For three days, Fogg joined about 200 Oglala Sioux members and their followers as they occupied and seized the town for 71 days.
"It felt like you were guarding a president," the Yankton Sioux tribal member who now resides in Sioux Falls recalled. "I was told if I was to fire, I was to fire over everyone's head."
Fogg is one of nearly 25 artists — both Native and non-Native — from around the country displaying their artwork at Augustana College's Center for Western Studies in Sioux Falls as part of a first-of-its-kind art exhibit and show.
"Interpretations of Wounded Knee 1973 and 1890" is meant to help foster understanding and build stronger relationships between Natives and non-Natives as the 40th anniversary of the Wounded Knee takeover approaches, said Timothy Hoheisel, director of Outreach and Promotion at The Center for Western Studies.
In 1890, the U.S. Army killed Miniconjou Lakota chief Spotted Elk, also known as Big Foot, and 300 of his followers, including women and children, on the banks of the Wounded Knee Creek
"I didn't do anything to Jerry Fogg. My ancestors basically killed his ancestors," said Hoheisel, referring to the 1890 massacre. "By us coming together with this exhibit, there's a chance for reconciliation."
The exhibit is a prelude to the annual Dakota Conference, which brings together professional and amateur historians and researchers to present papers on a particular topic relevant to Northern Plains history. The theme for this year's conference is "Wounded Knee 1973: Forty Years Later." The event, scheduled for April 27-28, is bringing together all sides from the occupation — former American Indian Movement members, federal agents and prosecutors, and journalists and bystanders who witnessed the uprising.
"This one has a bit of an edge to it, as we anticipated it would," said Harry Thompson, executive director for The Center for Western Studies.
This is the first time in the conference's 44-year history that there has been an art show to go along with the conference. Hoheisel said it fit well with this year's theme.
The exhibit, which runs through May 26, includes two-dimensional and three-dimensional pieces in various art forms.

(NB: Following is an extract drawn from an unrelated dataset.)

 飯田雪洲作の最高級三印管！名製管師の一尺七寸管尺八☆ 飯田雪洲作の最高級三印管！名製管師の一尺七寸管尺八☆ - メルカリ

In one oil-on-canvas painting — titled "Still Hanging on the Res" by artist Bruce Preheim of Vermillion, S.D. — Christ, a feather atop his head, is shown crucified.
"We crucify Christ every day by not dealing with Native American disparity and rights," Preheim wrote in his artist description of the piece.

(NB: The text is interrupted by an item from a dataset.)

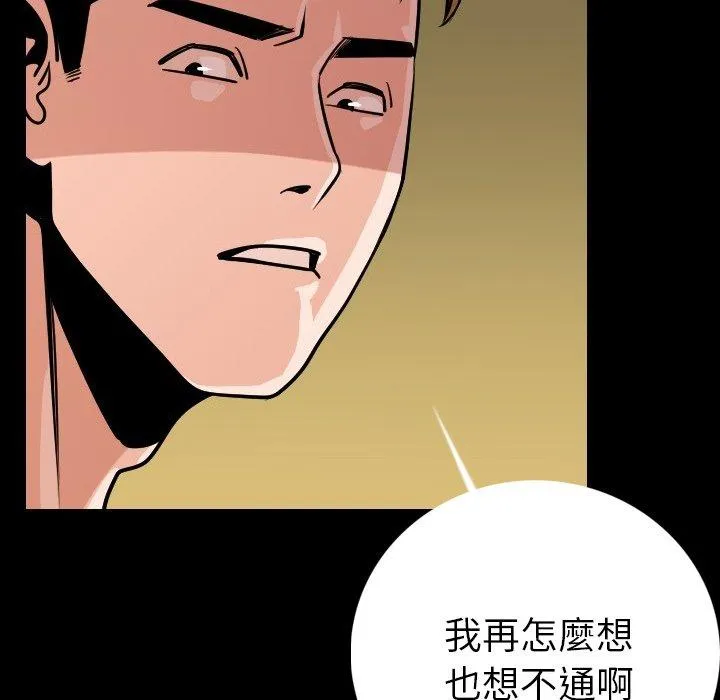 肉体 第9话 第85页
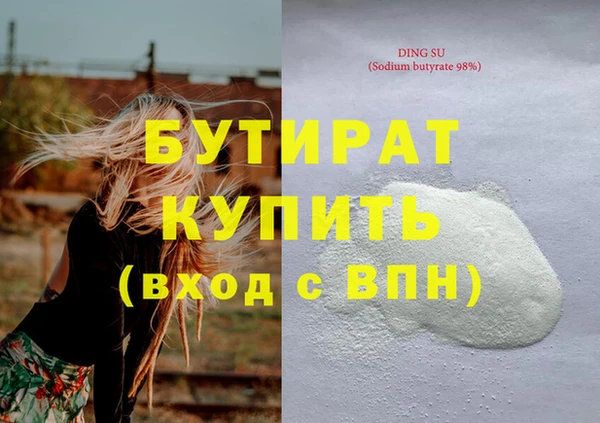 мефедрон Волосово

Red paint covers half the canvas in "Last Stand II (Massacre at Wounded Knee)" by Sioux Falls artist Kevin Bierbaum, who is not Native American. Hoheisel said the red paint depicts the blood from the massacre.
In "Archive," one of Fogg's pieces about the 1890 killings, the history lies in the details.
A map of Wounded Knee Creek drawn by a soldier moments before the killings acts as the bottom layer of the work. On top of that, there's another sheet with the names of those who died or were wounded. An actual broken hoop is placed in the center, representing the end of the Native's freedom to choose. Inside the hoop Fogg shows Chief Spotted Elk frozen in the winter cold.
Metal pins represent the 7th Cavalry, while a small pair of moccasins with a hair plume is in honor of the children killed. Thirty-eight 1890 Indian head pennies line the bottom of the piece, with an 1890 silver dollar in the middle that is meant to "give attention to a dreadful time that should never be forgotten or repeated," Fogg wrote in his artist note.
Fogg spent three months working on the piece and hopes it will help remind today's young people to remember and honor the past.
"You should remember. There's a story behind every work," he said.